8.  Amendment.  The Committee may amend, modify, or terminate this Certificate without approval of Grantee; provided, however, that such amendment, modification, or termination shall not, without Grantee’s consent, reduce or diminish the value of this award determined as if it had been fully vested (i.e., as if all restrictions on the Option hereunder had expired) on the date of such amendment or termination.

9.  Plan Controls.  The terms contained in the Plan are incorporated into and made a part of this Certificate.  This Certificate shall be governed by and construed in accordance with the Plan.  In the event of any actual or alleged conflict between the provisions of the Plan and the provisions of this Certificate, the provisions of the Plan shall be controlling and determinative.  

10.  Successors.  This Certificate shall be binding upon any successor of the Company, in accordance with the terms of this Certificate and the Plan.

11.  Compensation Recoupment Policy. This Award shall be subject to any compensation recoupment policy applicable by its terms to Grantee that the Company may adopt from time to time to comply with the rules or regulation of any governmental authority or to comply with the rules and regulations of any stock exchange upon which the Companies’ securities are registered.

12.  Notice.  Notices hereunder must be in writing and either personally delivered or sent by registered or certified United States mail, return receipt requested, postage prepaid.  Notices to the Company must be addressed to Builders FirstSource, Inc., 2001 Bryan Street, Suite 1600, Dallas, TX 75201; Attn: General Counsel, or any other address designated by the Company in a written notice to Grantee.
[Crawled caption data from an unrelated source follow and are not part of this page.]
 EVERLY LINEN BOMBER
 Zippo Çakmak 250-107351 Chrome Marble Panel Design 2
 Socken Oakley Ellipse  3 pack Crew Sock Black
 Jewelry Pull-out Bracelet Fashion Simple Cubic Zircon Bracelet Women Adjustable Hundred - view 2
Notices to Grantee will be directed to the address of Grantee then currently on file with the Company, or at any other address given by Grantee in a written notice to the Company.
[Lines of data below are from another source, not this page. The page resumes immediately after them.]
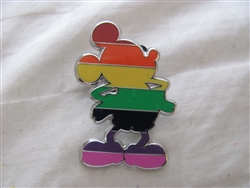 Mickey Mouse Silhouette - Pride colors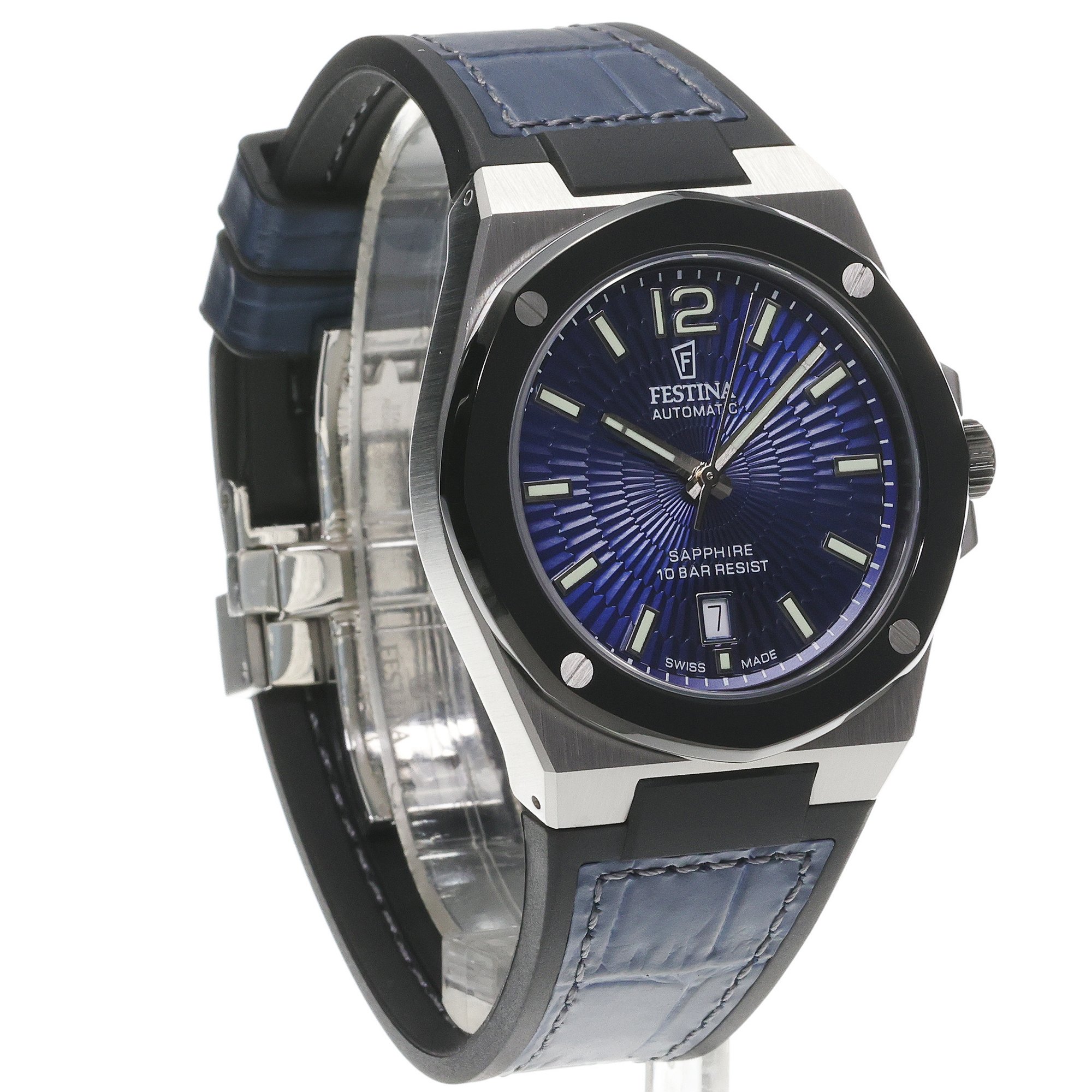 Festina F22005-2 Swiss Made Automatic zegarek klasyczny Swiss Made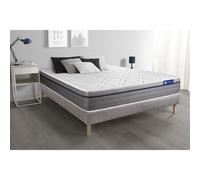 Ensemble matelas Latex+Memoire de forme ACTILATEX ZEN 140x190 Maxi epaisseur 7zones de confort + sommier KIT gris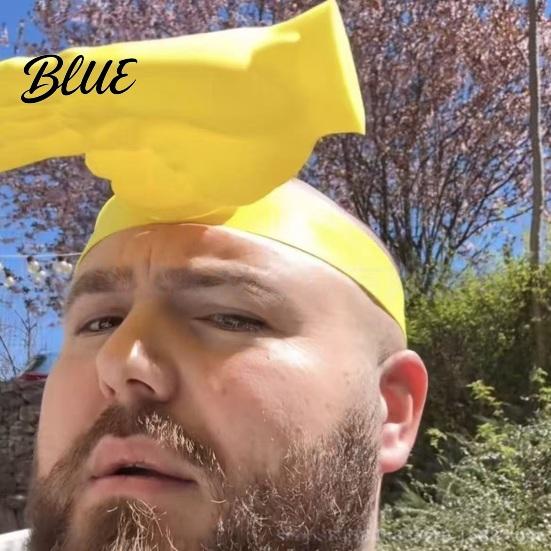 Beach Sun Hat Yellow Palm-Shaped Creative UV Protection Trendy and Funny Elastic Outdoor Blocks Direct Sunlight Comfortable Summer for Travel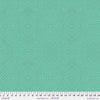A green background with an abstract pattern.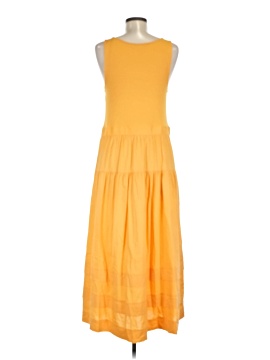 yellow long formal dress Chic Yellow Floral Long Prom Dresses With Slit Puff Sleeve Evening Dre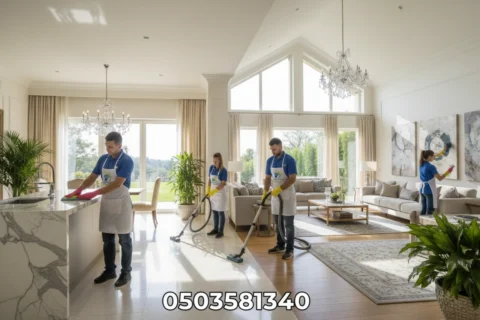 تنظيف فلل سكنية أبو ظبي بجودة عالية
13.  Entire Agreement.  This Certificate, including, without limitation, the terms and conditions set forth herein, and the Plan contain the entire agreement and understanding of the parties hereto with respect to the subject matter contained herein and therein and supersede all prior communications, representations, and negotiations in respect thereto.

14.  Confidentiality.  By accepting this Certificate and the related award, Grantee agrees to keep confidential and not to disclose to any person or entity information concerning the terms of this Certificate, the number of Options or Shares covered by this Certificate, or any transactions between the Grantee and the Company pursuant to this Certificate, except as required by applicable law.